Redemption of Series B Preferred Stock; Restrictions on Redemption .   Subject to approval by our federal banking regulators, the Series B Preferred Stock may be redeemed at our option at any time. The per share redemption price for shares of Series B Preferred Stock shall be equal to the sum of the liquidation amount per share ($1,000), the per-share amount of any unpaid dividends for the current quarterly dividend period, and the pro rata amount of lending incentive fees for the current quarterly dividend period, if any. We may decide to redeem all of the outstanding Series B Preferred Stock or a portion of the outstanding Series B Preferred Stock not less than 25% of the initial aggregate liquidation value of the Series B Preferred Stock. If fewer than all of the outstanding shares of Series B Preferred Stock are to be redeemed, the shares to be redeemed will be selected either pro rata from the holders of record of shares of Series B Preferred Stock in proportion to the number of shares held by those holders or in such other manner as our board of directors or a committee thereof may determine to be fair and equitable.

The Series B Preferred Stock is not subject to any mandatory redemption, sinking fund or similar provisions. Holders of the Series B Preferred Stock do not have any right to require redemption or repurchase of any shares of Series B Preferred Stock.

So long as any shares of Series B Preferred Stock remain outstanding, we may repurchase or redeem shares of our capital stock only if our Tier 1 capital will remain equal to or greater than the Tier 1 Dividend Threshold (as such is defined in the Series B Designation) after such repurchase or redemption, and dividends on all outstanding shares of Series B Preferred Stock for the most recent quarterly dividend period have been or are contemporaneously declared and paid. If a dividend is not declared and paid on the Series B Preferred Stock with respect to any quarterly dividend period, then for the next three quarters thereafter we may not redeem, purchase or acquire any shares of junior stock or parity stock, or any other of our capital stock, equity securities or trust preferred securities then outstanding, subject to certain limited exceptions.

Conversion . The holders of Series B Preferred Stock do not have any right to exchange or convert such shares into any other securities.

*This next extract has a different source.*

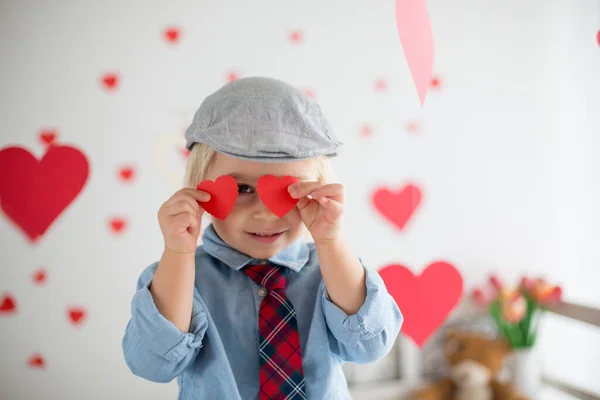 Sevimli Sarışın Çocuk Kalp Oyuncağı Tutuyor Valentine Için Kalplerle Oynuyor — Stok fotoğraf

Voting Rights . In general, the holders of the Series B Preferred Stock do not have any voting rights except as set forth in the terms of the Series B Preferred Stock or as otherwise required by law.

If we have not declared and paid in full dividends for an aggregate of five quarters, whether or not consecutive, the holders of a majority of the outstanding shares of Series B Preferred Stock, voting as a single class, may appoint a representative to serve as an observer on the board. Such right would continue until we had made full dividend payments for four consecutive quarters thereafter. If we have not declared and paid in full dividends for an aggregate of six quarters, and the aggregate liquidation preference of the outstanding shares of Series B Preferred Stock is greater than $25,000,000, the authorized number of directors on our board of directors shall automatically increase by two and the holders of the Series B Preferred Stock, voting as a single class, shall have the right to elect two directors to fill such newly created directorships. Such directors would be elected at each of our annual meetings held until we had made full dividend payments for four consecutive quarters. If extinguished by four consecutive timely dividend payments, the rights to appoint board observers and elect directors shall revest in the holders of the Series B Preferred Stock upon each subsequent missed quarterly dividend payment.

 
 

 
 
With regard to certain other matters, the approval of the Series B Preferred stock, given in the form of (a) consent of Treasury if Treasury holds any shares of Series B Preferred Stock or (b) the holders of a majority of the outstanding shares of Series B Preferred Stock, voting as a single class, is required for effecting or validating (i) any amendment or alteration of our Articles of Incorporation to authorize, create or issue any shares (or any security convertible into any shares) of any equity security ranking senior to the Series B Preferred Stock with respect to the payment of dividends or distribution of assets in the event of a liquidation, dissolution or winding up; (ii) any change to our Articles of Incorporation that would adversely affect the rights, privileges or voting powers of the Series B Preferred Stock; (iii) any consummation of a binding share exchange or reclassification involving the Series B Preferred Stock, subject to certain enumerated exceptions; and (iv) any sale of all or substantially all of our assets if the Series B Preferred Stock will not be contemporaneously redeemed.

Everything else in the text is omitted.